Is there a way to access members of a struct - c++

I want to be able to find the size of the individual members in a struct. For example
struct A {
int a0;
char a1;
}
Now sizeof(A) is 8, but let's assume I am writing a function that will print the alignment of A as shown below where "aa" represents the padding.
data A:
0x00: 00 00 00 00
0x04: 00 aa aa aa
*-------------------------
size: 8 padding: 3
In order for me to calculate padding, I need to know the size of each individual members of a struct. So my question is how can I access to individual members of a given struct.
Also, let me know if there is another way to find the number of padding.

A simple approach would be to use sizeof operator (exploiting the fact that it does not evaluate its operand, only determines the size of the type that would result if it was evaluated) and the offsetof() macro (from <cstddef>).
For example;
#include <iostream>
#include <cstddef>
struct A
{
int a0;
char a1;
};
int main()
{
// first calculate sizes
size_t size_A = sizeof(A);
size_t size_a0 = sizeof(((A *)nullptr)->a0); // sizeof will not dereference null
size_t size_a1 = sizeof(((A *)nullptr)->a1);
// calculate positions
size_t pos_a0 = offsetof(A, a0); // will be zero, but calculate it anyway
size_t pos_a1 = offsetof(A, a1);
// now calculate padding amounts
size_t padding_a0 = pos_a1 - pos_a0 - size_a0; // padding between a0 and a1 members
size_t padding_a1 = size_A - pos_a1 - size_a1;
std::cout << "Data A:\n";
std::cout << "0x" << std::hex << std::setw(2) << std::setfill('0') << pos_a0;
size_t i = pos_a0;
while (i < pos_a0 + size_a0) // print out zeros for bytes of a0 member
{
std::cout << " 00";
++i;
}
while (i < pos_a1) // print out aa for each padding byte after a_0
{
std::cout << " aa";
++i;
}
std::cout << std::endl;
std::cout << "0x" << std::hex << std::setw(2) << std::setfill('0') << pos_a1;
while (i < pos_a1 + size_a1) // print out zeros for bytes of a1 member
{
std::cout << " 00";
++i;
}
while (i < size_A) // print out aa for each padding byte after a_1
{
std::cout << " aa";
++i;
}
std::cout << std::endl;
std::cout << "size: " << size_A << " padding: " << padding_a0 + padding_a1 << std::endl;
}

You can work this out if you know the content of the struct.

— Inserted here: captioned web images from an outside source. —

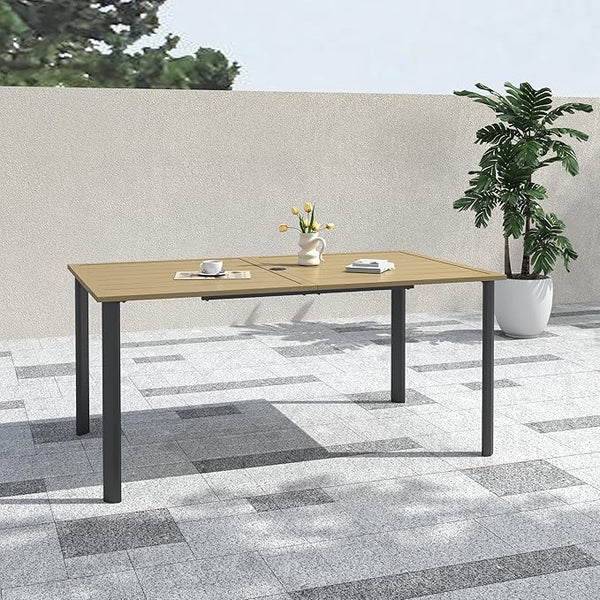 Brush Paint Rectangle Patio Dining Table with Adjustable Umbrella Hole - 63" x 38" x 29" - Photo 1
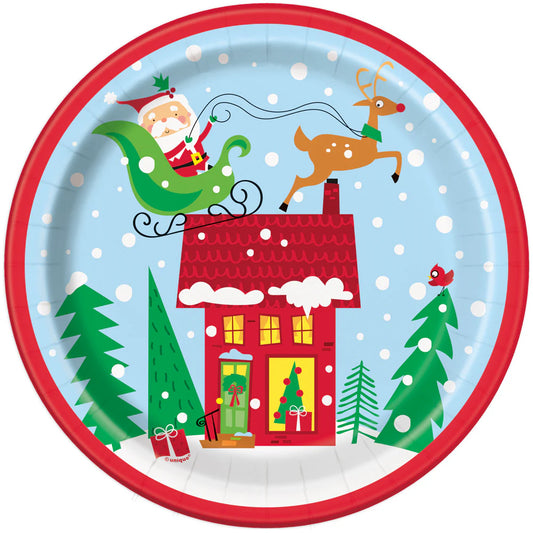 Santa Round Dinner Plates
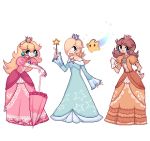  3girls blonde_hair blue_eyes breasts brown_hair charamells chiko_(mario) commentary crown dress english_commentary floating full_body gloves holding holding_umbrella looking_at_viewer mario_(series) multiple_girls pixel_art princess princess_daisy princess_peach rosalina simple_background small_breasts standing super_mario_galaxy super_smash_bros. umbrella white_background 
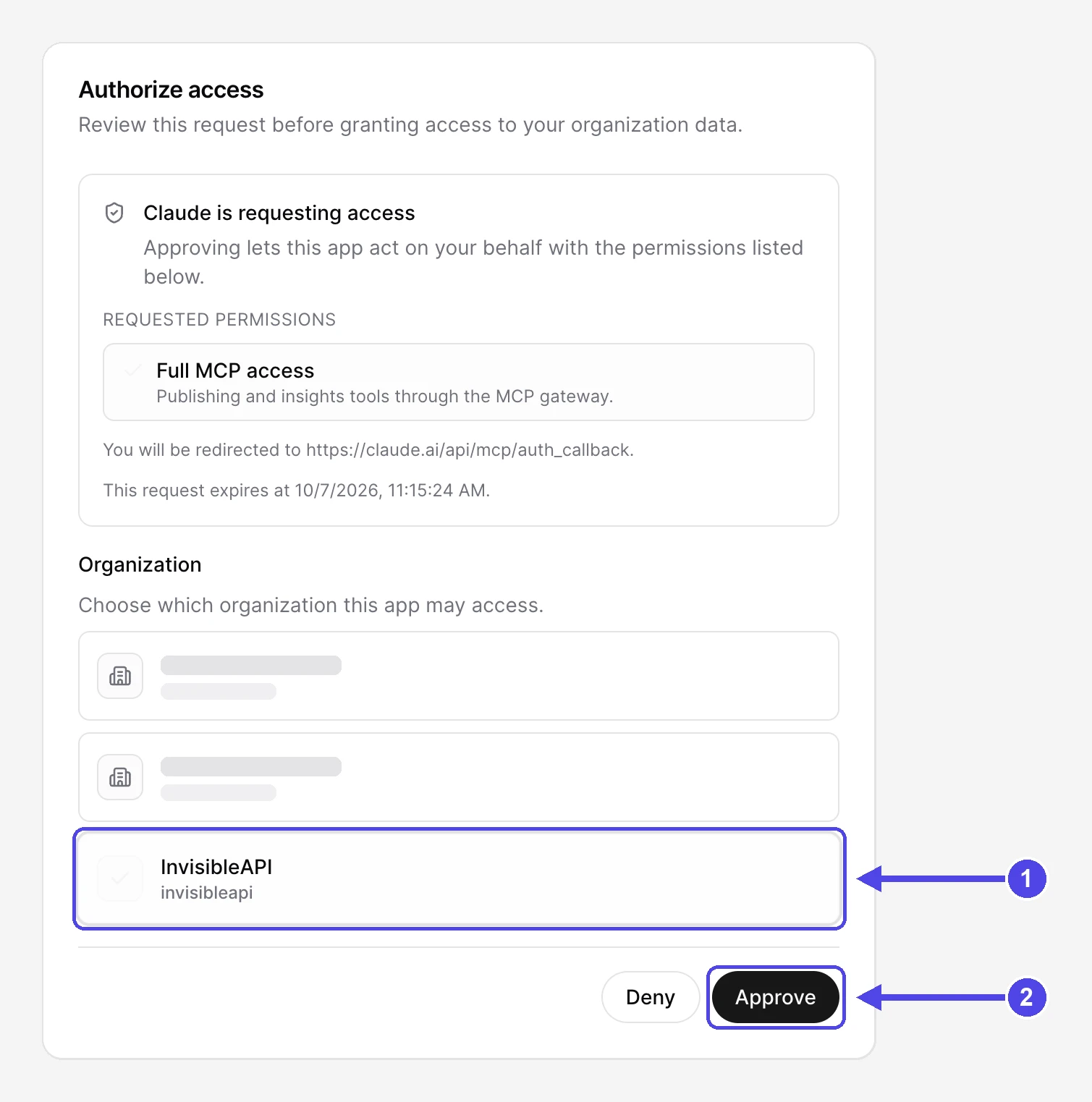 InvisibleAPI Authorize access page with the InvisibleAPI organization selected and the Approve button highlighted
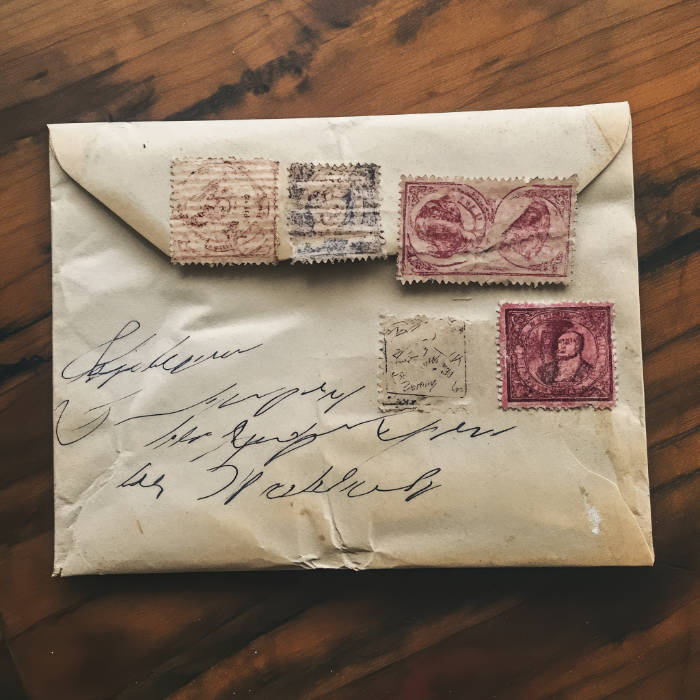 Old Envelope with Stamps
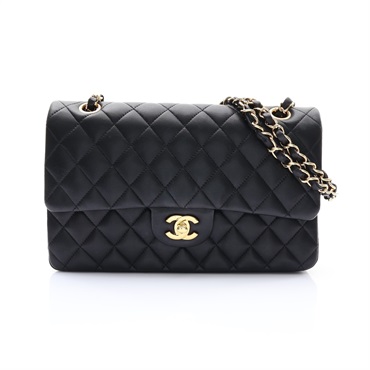 CHANEL 香奈兒 COCO 25 鍊帶 肩背包 黑色 菱格紋羊皮 金扣 A01112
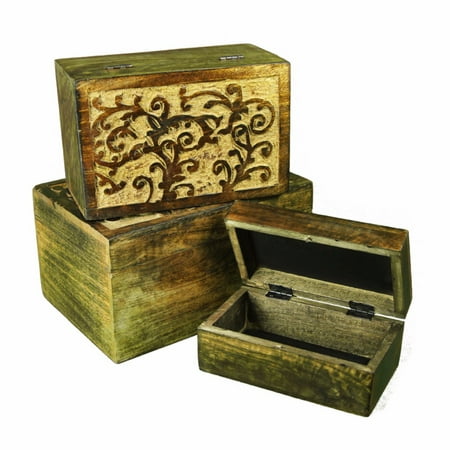 Beautifully Carved Wooden Jewelry Box, Set Of 3, Brown
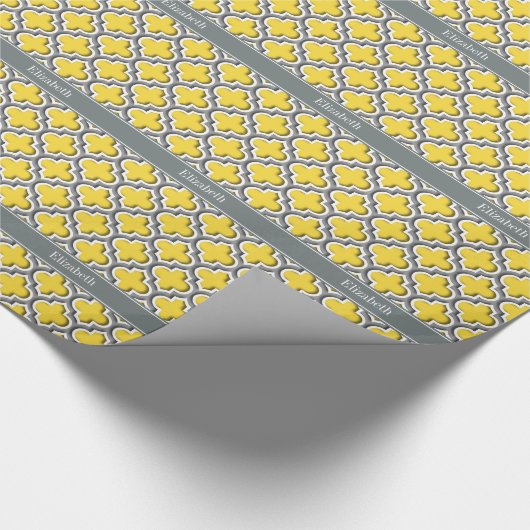 Ananas Dk Gray Moroccan #5DS Char Name Monogram Cadeaupapier (Hoek)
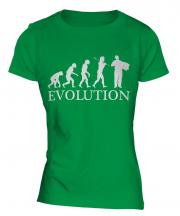 Accordian Player Evolution Ladies T-Shirt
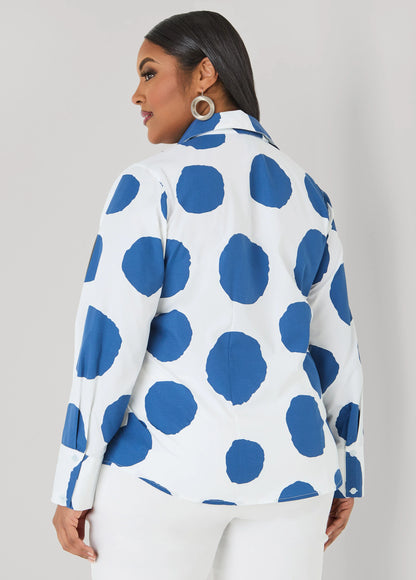Tall Dotted Button Front Shirt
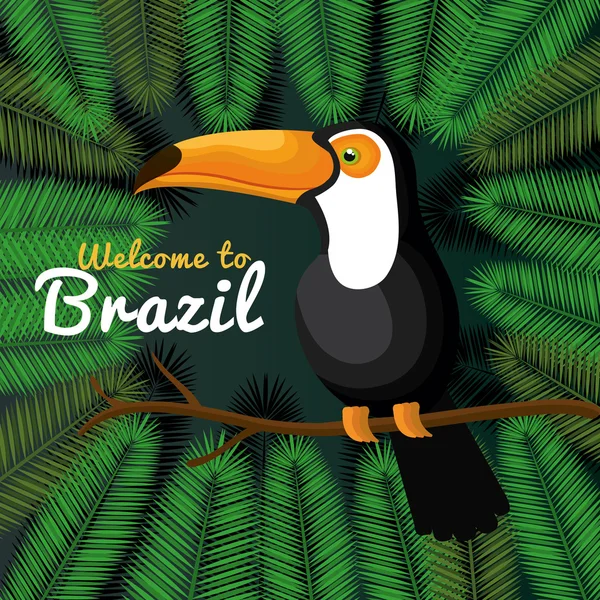 Добро пожаловать в Бразилию, представляющий иконы — стоковый вектор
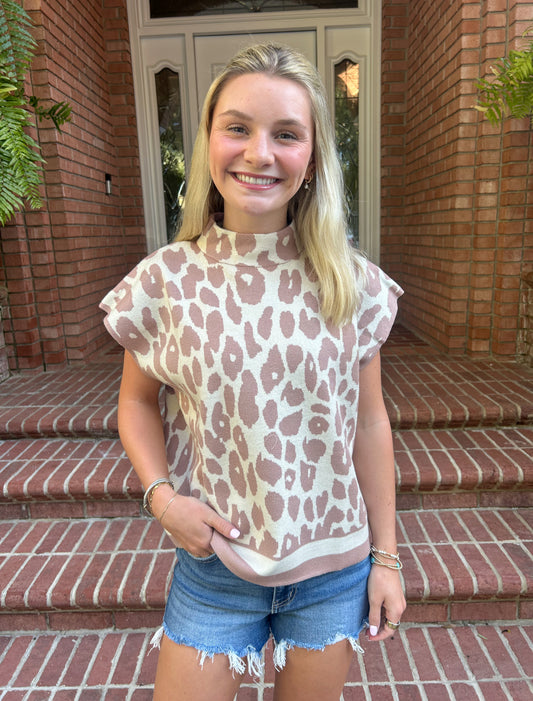 Animal Print Mock Neck Sweater
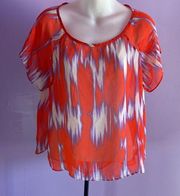 SOPRANO Sheer Red/White/Purple Short Sleeve Blouse Size Small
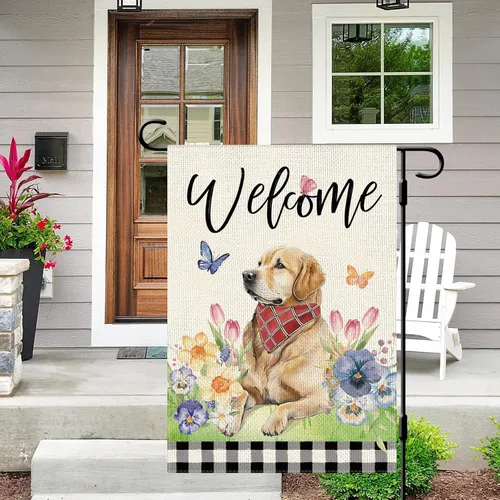 Miniatura 2 de DLZDN Bandera de jardín con diseño floral de mariposa para perro, bandera de jardín de 12 x 18 pulgadas, diseño de búfalo a cuadros de doble cara
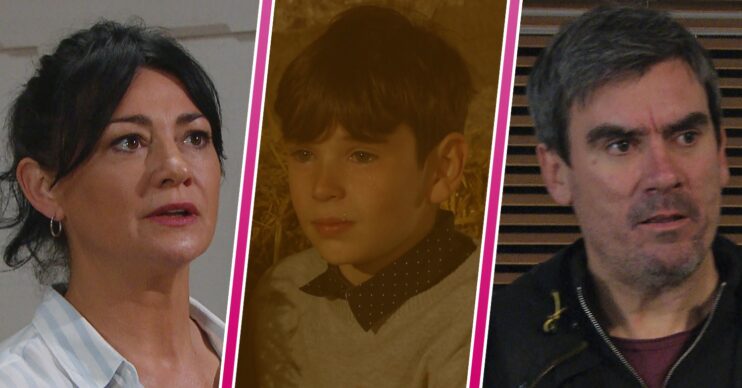 Moira, Cain and Kyle all looking worried in Emmerdale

Passing usually works like this,
Assume that your struct is this.
struct A {
int a0; // 32 bits (4 bytes)
char a1; // 8 bits (1 byte)
};
But this is not memory efficient as if you pack these structs in memory, you might get some fragmentation issues thus making the application slower. So the compiler optimizes the struct like this and the final struct to the compiler would look something like this.
struct A {
int a0;
char a1;
// padding
char __padd[3]; // 3 * 1 byte = 3 bytes.
/// Adding this padding makes it 32 bit aligned.
};
Now using this knowledge, you can see why its not easy to get the padding of an object without knowing the content of it. And paddings aren't always placed at the end of the object. For example,
struct Obj {
int a = 0;
char c = 'b';
// Padding is set here by the compiler. It may look something like this: char __padd[3];
int b = 10;
};
So how to get the padding of the struct?
You can use something called Reflection to get the content of the struct at runtime. Then workout the sizes of the data types in the struct and then you can calculate the padding by deducting the size of the previous type and the next type which gives you how the padding would look like.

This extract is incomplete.